A matrix dissolution technique has been used to extract and quantify the precipitates from a series of microalloyed steels. The following conclusions can be drawn from this investigation:

  1. 1.

    The matrix dissolution method can be successfully used to quantify precipitates in microalloyed steels and can provide valuable quantitative information based on samples that are more representative of the steel strip than only microscopy methods. The volume fraction of nanoprecipitates from the X70, X80, and Grade100 steels varies from 0.034 pct to 0.166 pct (Grade 100 steel).

  2. 2.

    Matrix dissolution and carbon replicas give consistent results regarding the precipitate size and chemistry. Carbon replicas help validate the matrix dissolution technique.

  3. 3.

    Rietveld refinement of XRD patterns can be used successfully to identify and determine the relative amounts of different precipitate phases, making it possible to determine the volume fraction of nanoprecipitates (≤10 nm) in microalloyed steels.

  4. 4.

    The grain size decreases with increasing grade of steel and the yield strength follows a Hall-Petch type behavior.
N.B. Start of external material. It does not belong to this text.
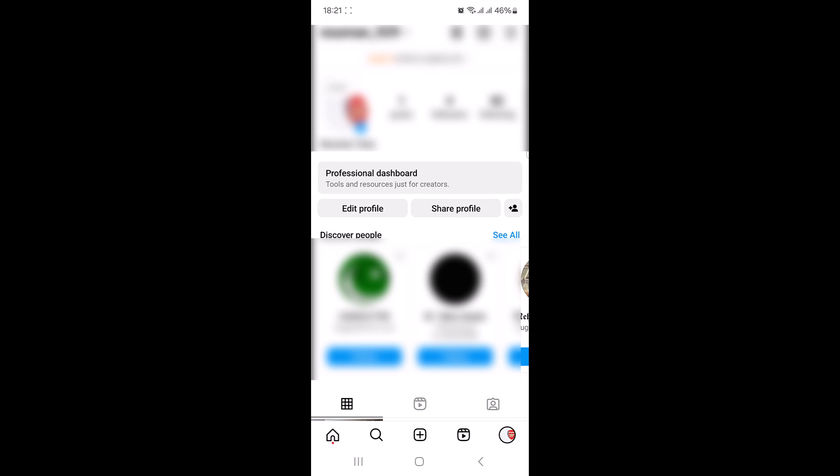You now have a creator account on Instagram. Simply tap on professional dashboard to access your analytics and promote your content. So that's how to make a creator account on Instagram. Thanks for watching.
Higher cooling rates (CR) and lower coiling temperatures/interrupted cooling temperatures (CT/ICT) promote grain refinement, leading to strength improvement.

  5. 5.

    The nanoprecipitates were observed in the X70, X80, and Grade100 steels. These nanoprecipitates are generally less than 10 nm in size and spherical in shape. They are mainly Nb-Mo carbides but with chemistry variations. Under similar processing conditions, increasing Nb content leads to a higher yield of nanoprecipitates.

  6. 6.

    For X100 steels, no nanoprecipitates (≤10 nm) were observed. The lack of fine precipitates may be due to a combination of low ICT temperature and no coiling.

  7. 7.

    Different strengthening mechanisms contribute to the high strength of microalloyed steels. Each strengthening contribution can be quantified, of which grain refinement plays a major role for the steels being studied accounting for up to 70 pct of the yield strength. Precipitation and solid solution strengthening account for close to 40 pct of the strengthening for all steels, except for the X100 grades.